- Task requirements
Nothing outside the range is to be copied. From the entries below, reproduce exactly the lines starting at the one with "Dauparu Salted herring" and ending at the one with "Floating Mount Wood Drawers Cabinet TV Stand", without pictures.
======== Input
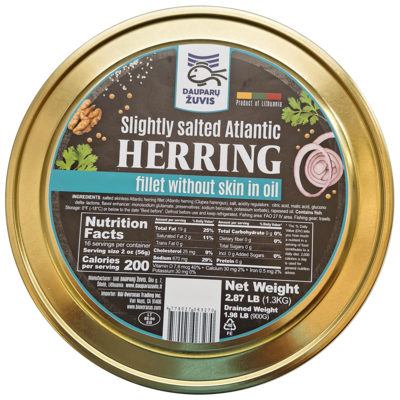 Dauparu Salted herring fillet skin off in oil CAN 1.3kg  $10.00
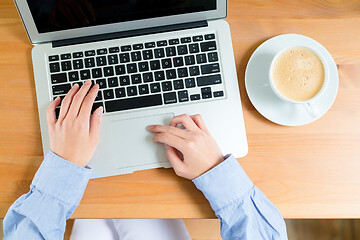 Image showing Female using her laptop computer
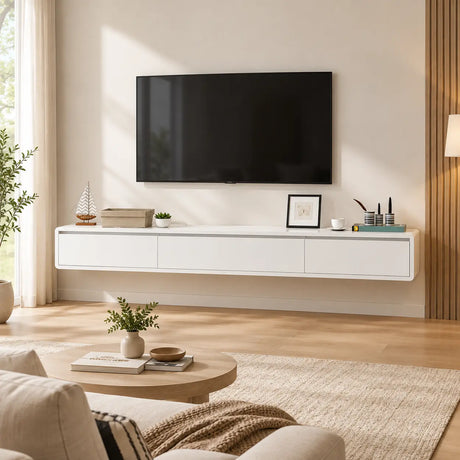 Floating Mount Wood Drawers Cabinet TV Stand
================
======== Input
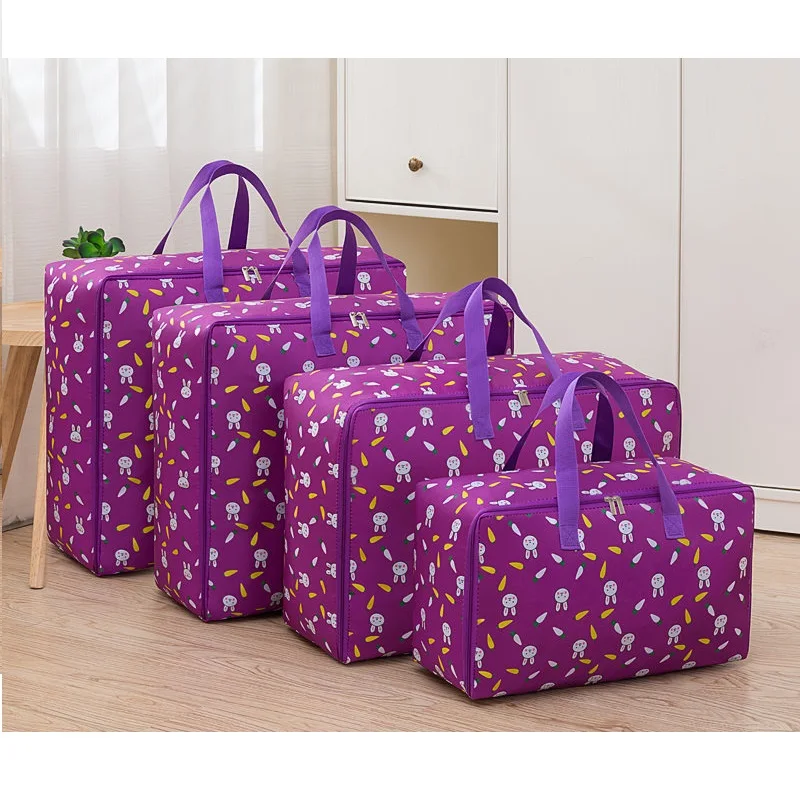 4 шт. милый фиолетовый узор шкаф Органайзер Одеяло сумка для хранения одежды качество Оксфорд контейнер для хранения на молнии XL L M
================
======== Input
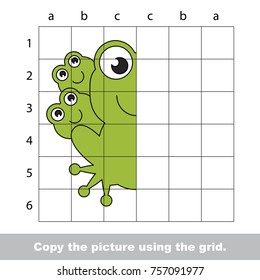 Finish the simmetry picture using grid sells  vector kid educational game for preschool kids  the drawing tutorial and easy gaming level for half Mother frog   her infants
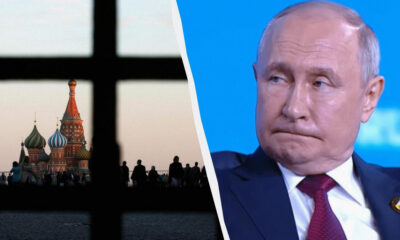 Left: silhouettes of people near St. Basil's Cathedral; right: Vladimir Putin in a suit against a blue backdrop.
================
- Solution to the problem
 Dauparu Salted herring fillet skin off in oil CAN 1.3kg  $10.00
 Image showing Female using her laptop computer
 Floating Mount Wood Drawers Cabinet TV Stand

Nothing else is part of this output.